As a future home buyer you have clicked around a mortgage calculator or two. But have you ever stopped to consider what the numbers really mean?
Sure, you just want to get an idea of what you can afford but knowing how fees and rates affect your final monthly payment is important. Being mortgage smart can save you time and money when it comes time to settle on a loan.
Your monthly mortgage payment consists of 4 parts; principal, interest, taxes and insurance (PITI):
Principal (AKA loan amount) – The amount of the payment that goes towards paying down the loan amount. Since, for most loans, part of your mortgage payment gets applied towards principal, over time, your outstanding principal balance will go down.

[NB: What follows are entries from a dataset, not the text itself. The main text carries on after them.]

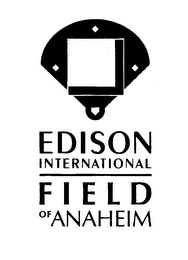 EDISON INTERNATIONAL FIELD OF ANAHEIM logo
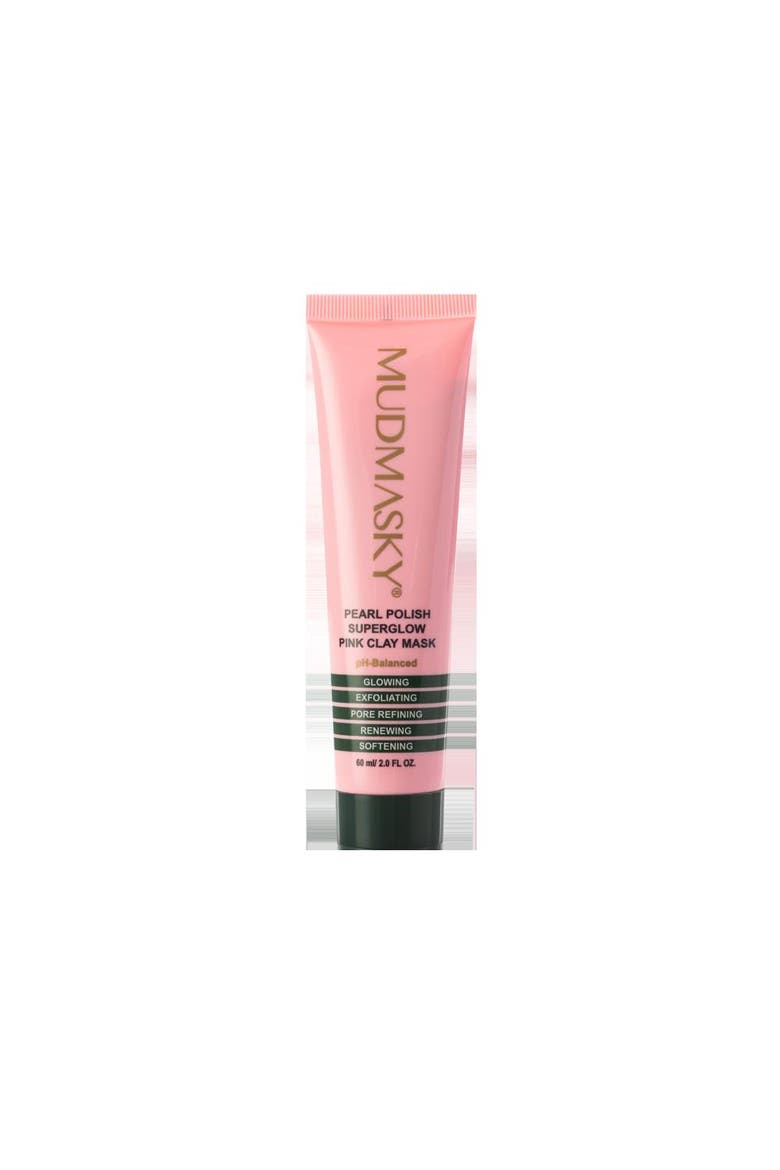 Pearl Polish Superglow Pink Clay Mask, Alternate, color, None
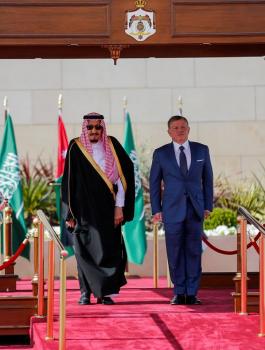 استثمارات سعودية في الاردن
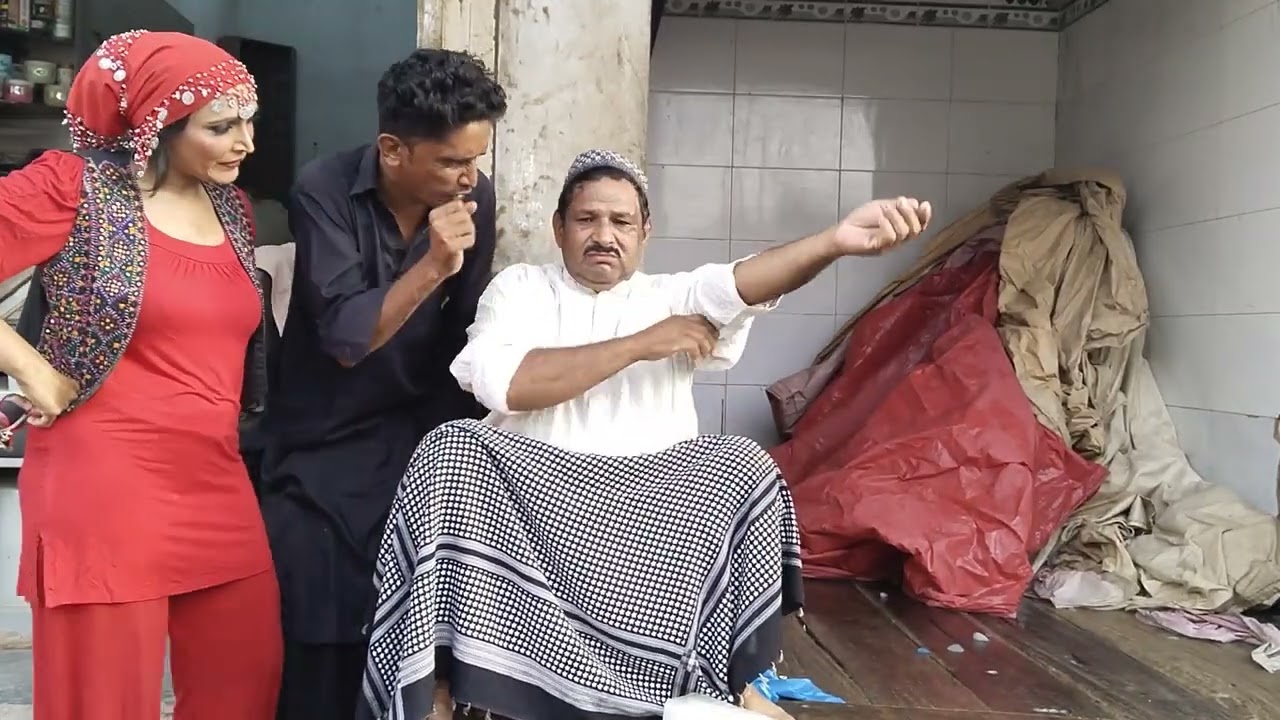 Khan funny Rani sultan Gulzar chandio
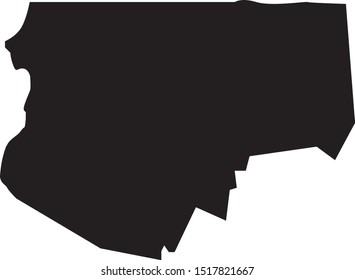 franklin county map in Vermont‎ state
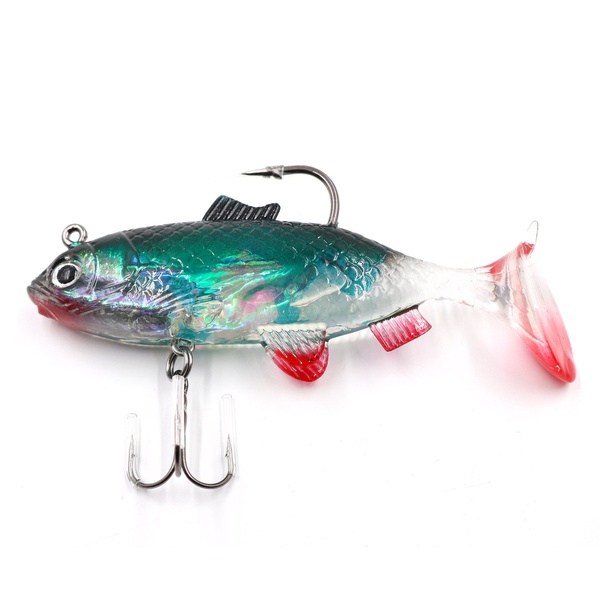 Приманка оснащенная Namazu PVC Carp 100 мм 01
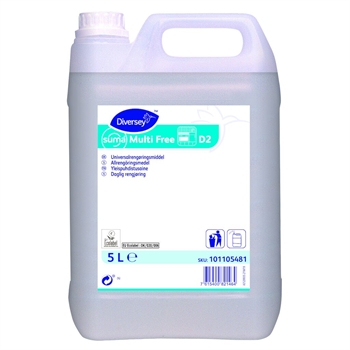 Diversey - Suma Multi Free D2 - 5 L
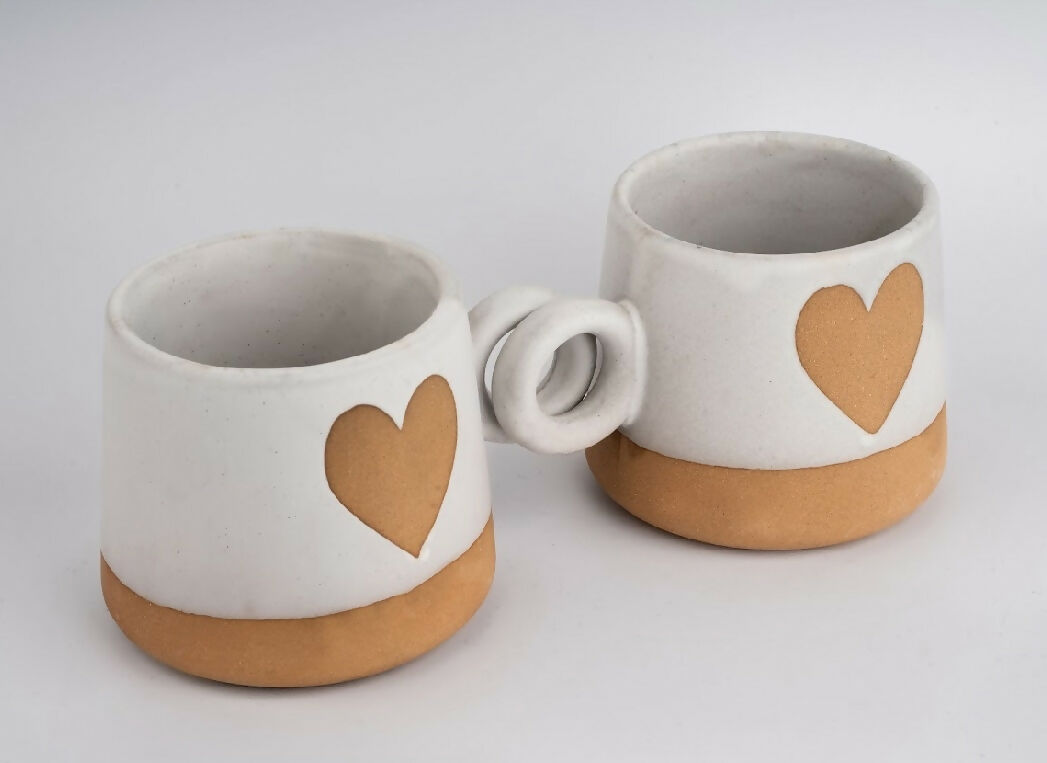 Simply Soho Golden Heart Mug | Grocsy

Interest – The interest rate lenders charge is the cost of the borrowed money. The interest and principal payments equal your monthly mortgage payment.
Taxes –Most lenders will collect this as part of your monthly payment and then pay your local government on your behalf. This is commonly referred to as tax escrow. The local government where the home is located will assess your home and determine its real estate taxes.
Insurance – Homeowner’s insurance (or Hazard insurance) covers you in the event of damage to your property. This is required at the time of settlement and can be escrowed as part of your monthly payment.
And if your down payment is less than 20% of the value of the house, the lender will usually require private mortgage insurance in addition.
Private Mortgage Insurance (PMI) –Private mortgage insurance may be required to protect your lender in the event you fail to repay your mortgage. According to Federalreserve.gov, by federal law your PMI payments will automatically stop when you acquire 22% equity in your home as long as your mortgage payments are current.